Collection entries

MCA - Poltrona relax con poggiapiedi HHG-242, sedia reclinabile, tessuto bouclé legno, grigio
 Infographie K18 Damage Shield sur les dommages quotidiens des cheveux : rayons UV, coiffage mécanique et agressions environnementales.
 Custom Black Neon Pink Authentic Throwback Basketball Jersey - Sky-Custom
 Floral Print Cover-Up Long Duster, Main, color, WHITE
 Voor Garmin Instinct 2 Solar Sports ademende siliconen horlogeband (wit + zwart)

# WORK TO BE COMPLETED
The lines from the one with "Custom Black Neon" through the end of the data above are to be set down exactly, with both boundary lines included and no other lines.

# EXERCISE RESPONSE
 Custom Black Neon Pink Authentic Throwback Basketball Jersey - Sky-Custom
 Floral Print Cover-Up Long Duster, Main, color, WHITE
 Voor Garmin Instinct 2 Solar Sports ademende siliconen horlogeband (wit + zwart)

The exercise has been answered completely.